Activity: Starting at the line that contains "Em amostra de", please transcribe every line through the end of the entries, exactly and with no pictures.

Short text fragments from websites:
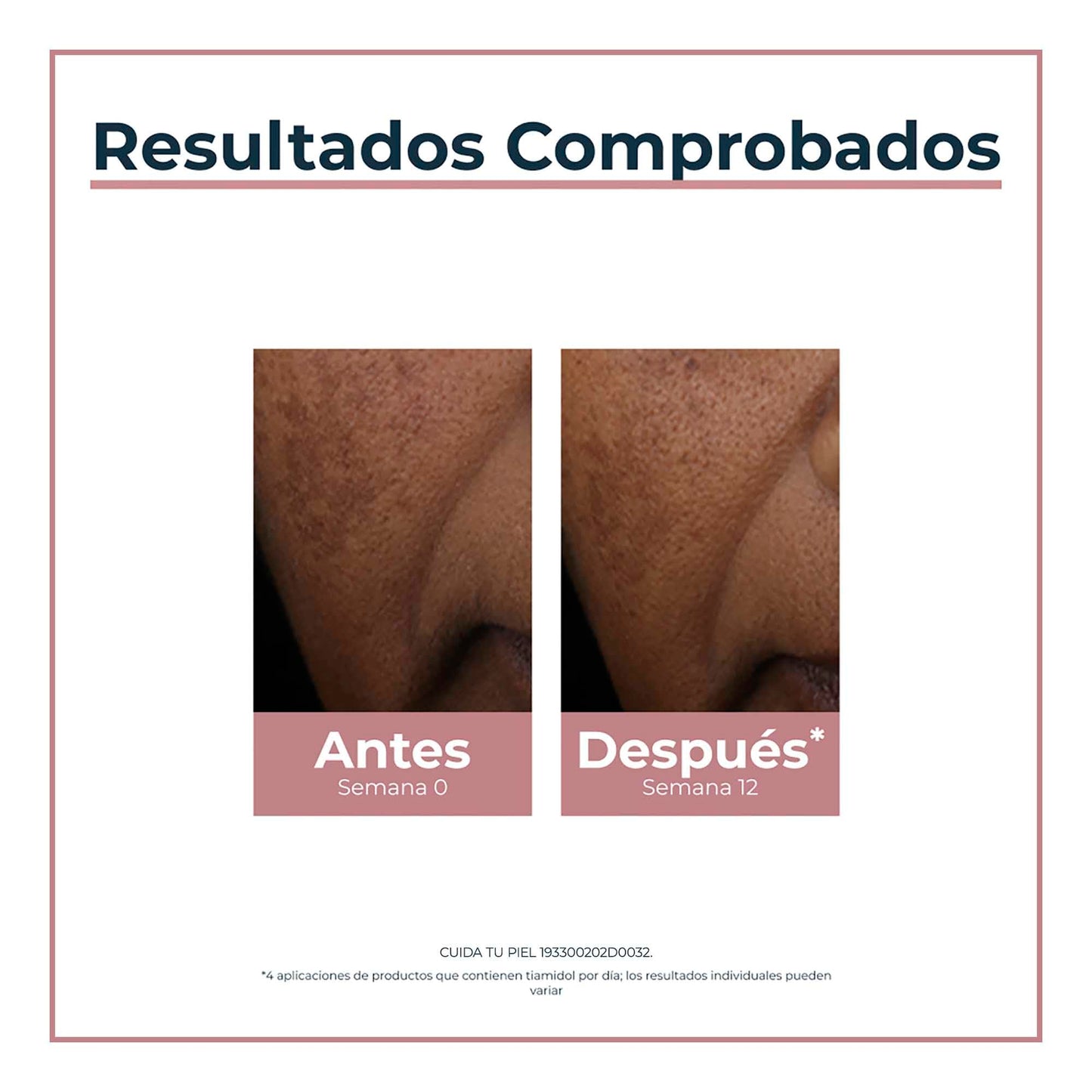 Eucerin Lápiz corrector anti manchas Anti Pigment Spot Corrector, 5ml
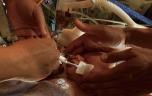 Lésions cérébrales chez les bébés : la surprenante piste du lait maternel intranasal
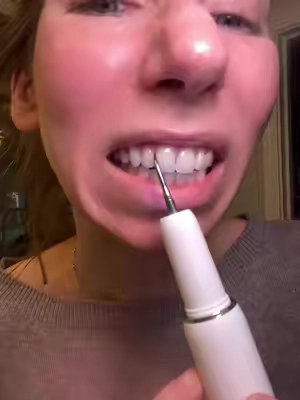 At home touch ups #plaqueremover #CleanTok #oralhealth #electricplaqueremover #athomebeauty 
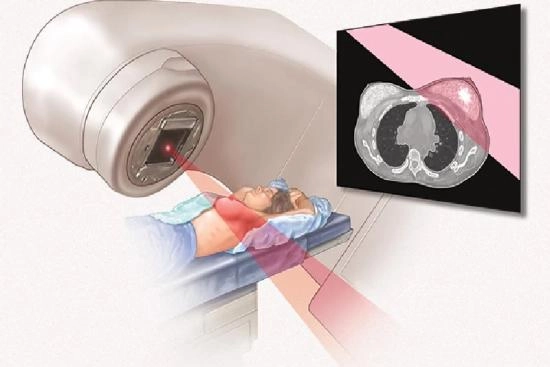 Types of Radiation Therapy 2024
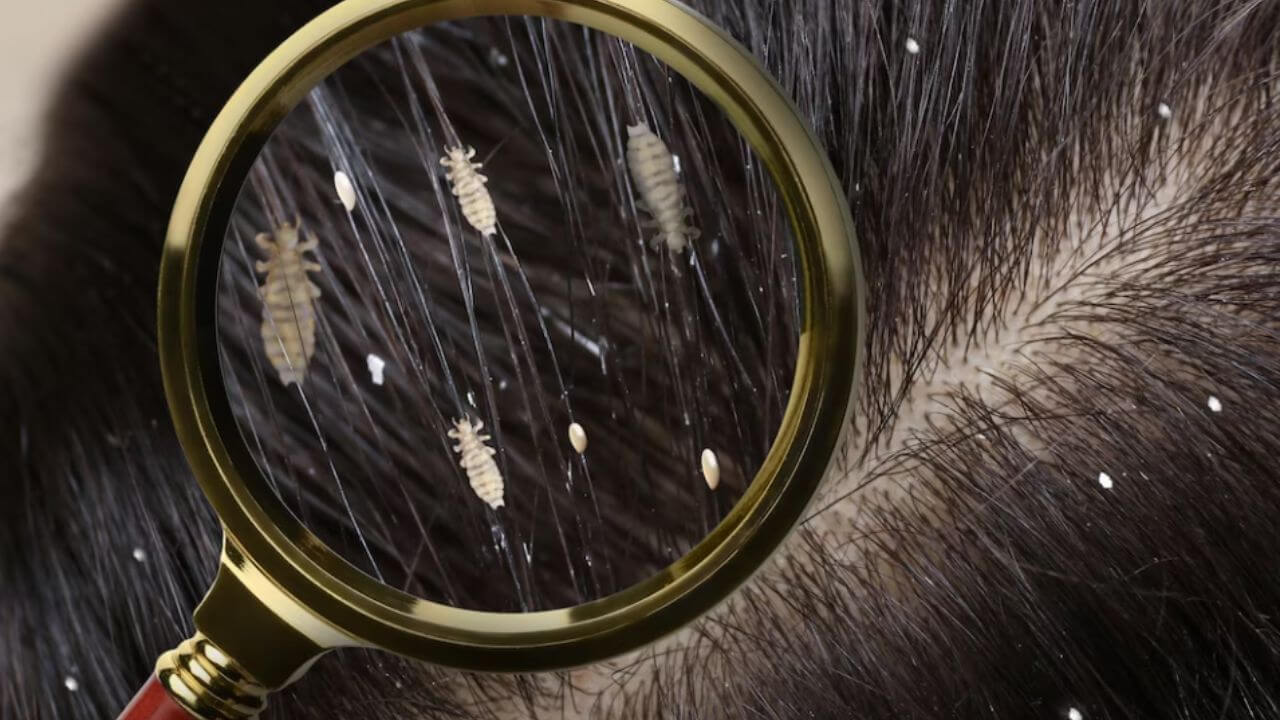 तुमच्याही मुलांच्या केसांत उवा झालेत? समस्या दूर करण्यासाठी करा घरगुती उपाय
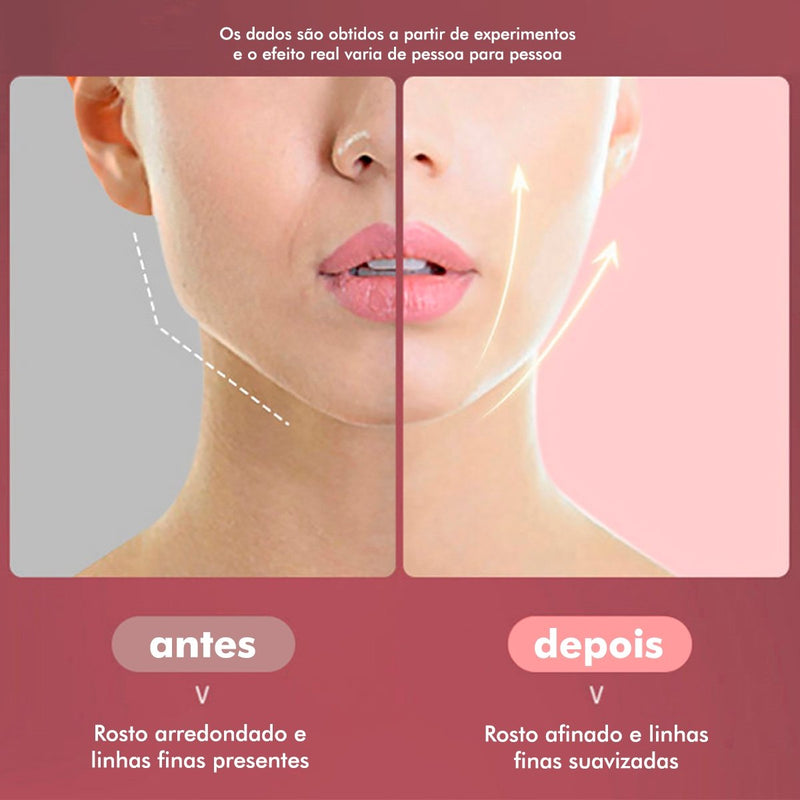 Massageador Facial para Queima de Gordura - Slim Face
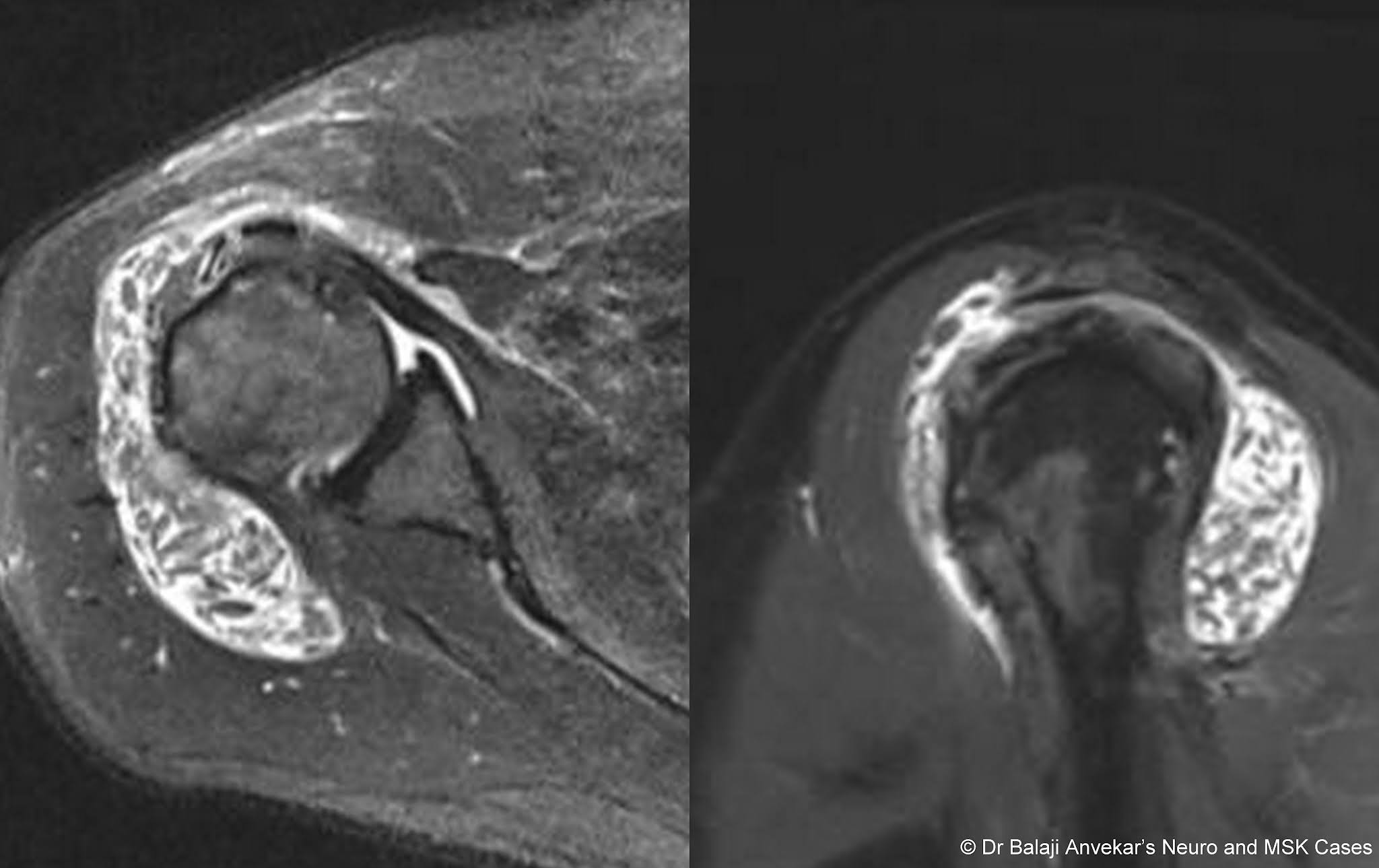 Dr Balaji Anvekar FRCR Rice bodies in subdeltoid bursa MRI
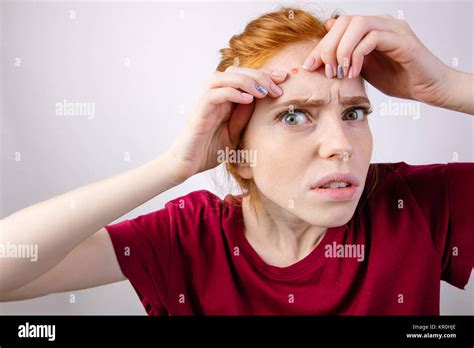 Redhead Woman Squeezing Her Pimples Removing Pimple From Her Face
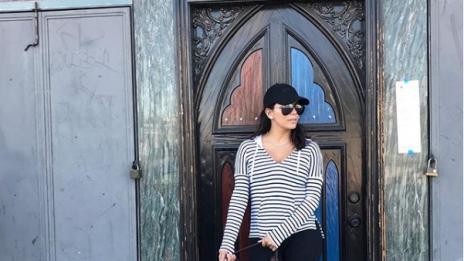 Звездите, които защитиха телата си. Независимо от дефектите!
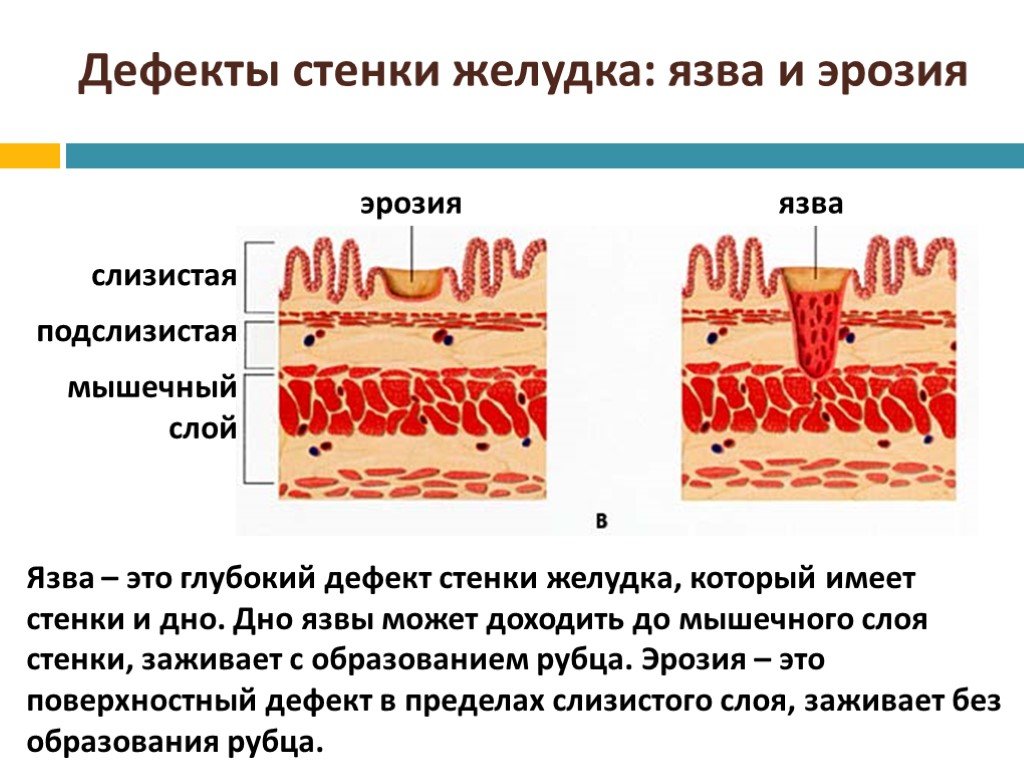 Слизистый слой. Строение слоя стенки желудка. Послойное строение стенки желудка. Строение стенки дна желудка.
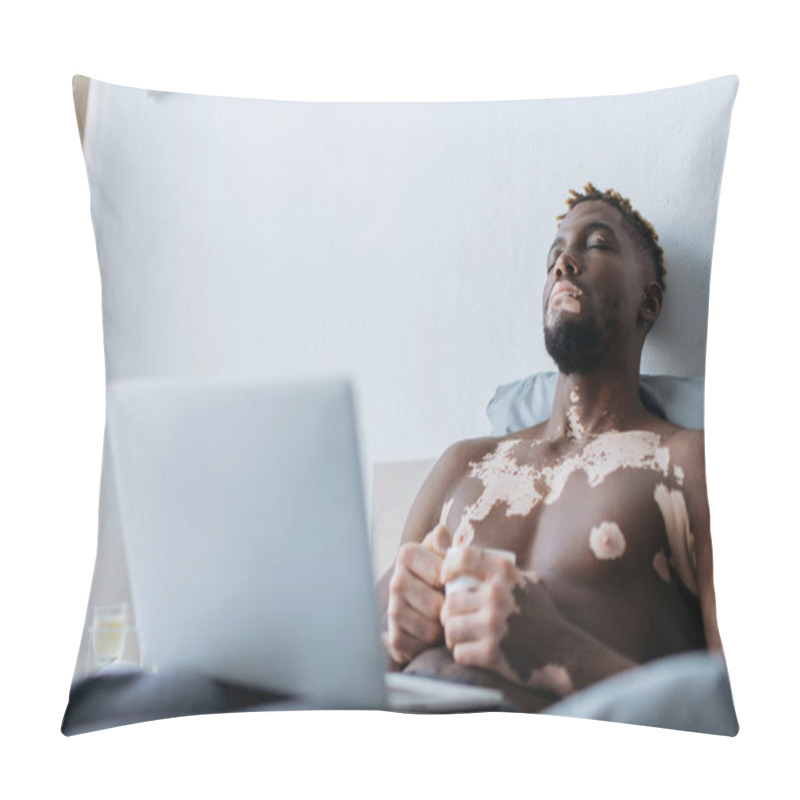 Personality  Tired African American Man With Vitiligo Holding Coffee Near Laptop On Bed  Pillow Covers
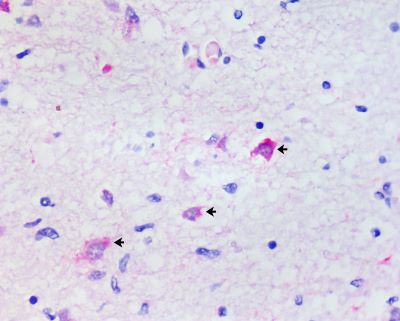  Em amostra de cérebro de gambá (Didelphis albiventris), imagem feita com microscópio indica antígenos do vírus da raiva em neurônios (indicados por setas) 
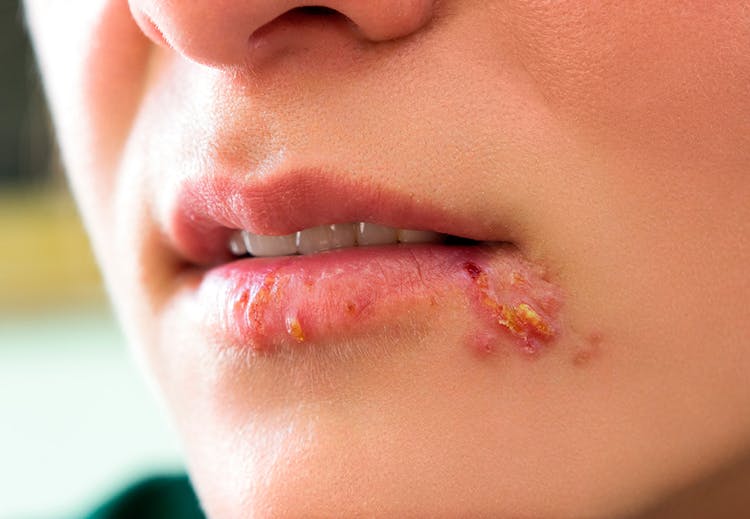 Kuvahaun tulos haulle herpes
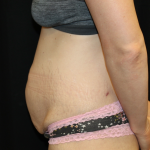 Tummy Tuck Before & After Patient #30872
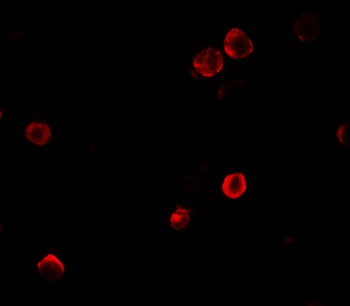 SOGA1 Antibody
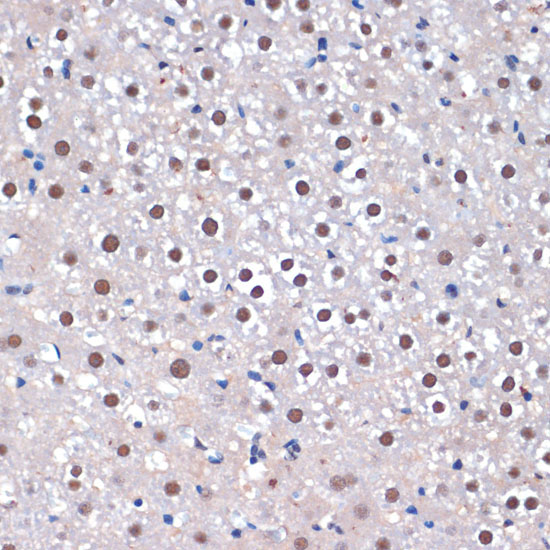 SRRT Rabbit Polyclonal Antibody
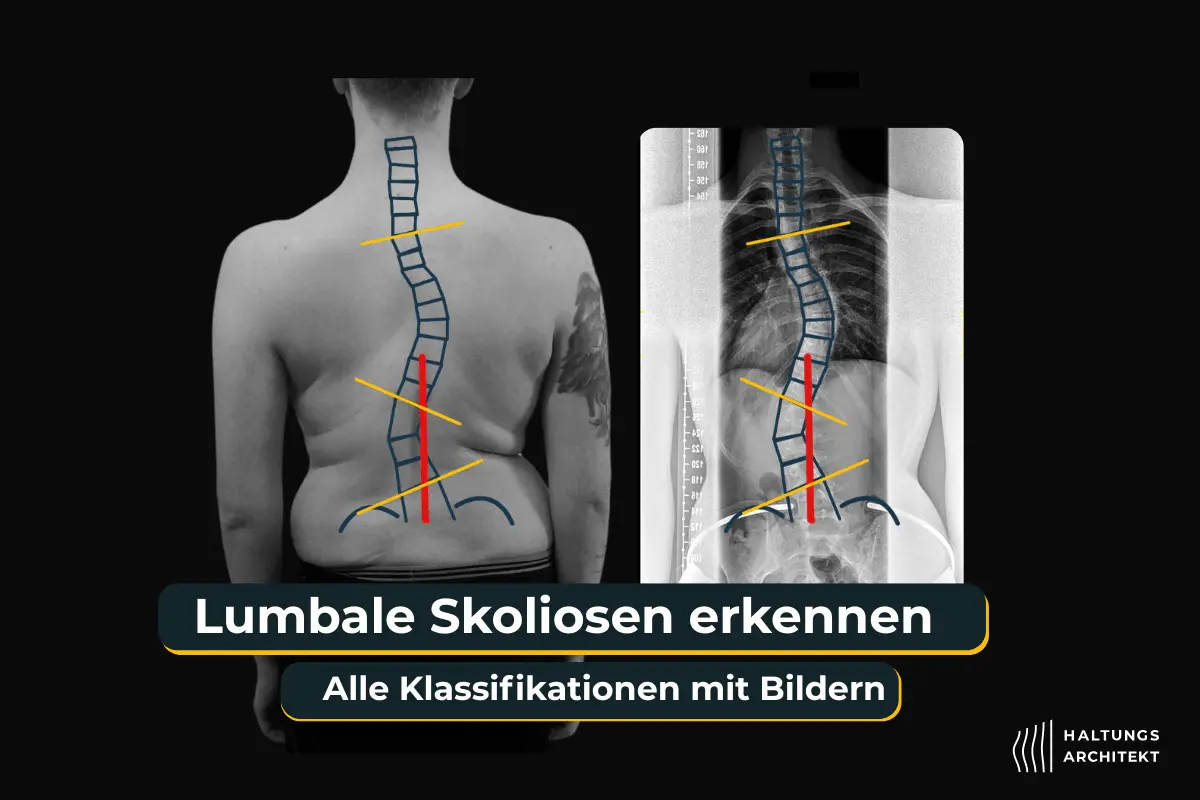 Person mit Hohlkreuz und vorgeneigtem Nacken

Written response:
  Em amostra de cérebro de gambá (Didelphis albiventris), imagem feita com microscópio indica antígenos do vírus da raiva em neurônios (indicados por setas) 
 Kuvahaun tulos haulle herpes
 Tummy Tuck Before & After Patient #30872
 SOGA1 Antibody
 SRRT Rabbit Polyclonal Antibody
 Person mit Hohlkreuz und vorgeneigtem Nacken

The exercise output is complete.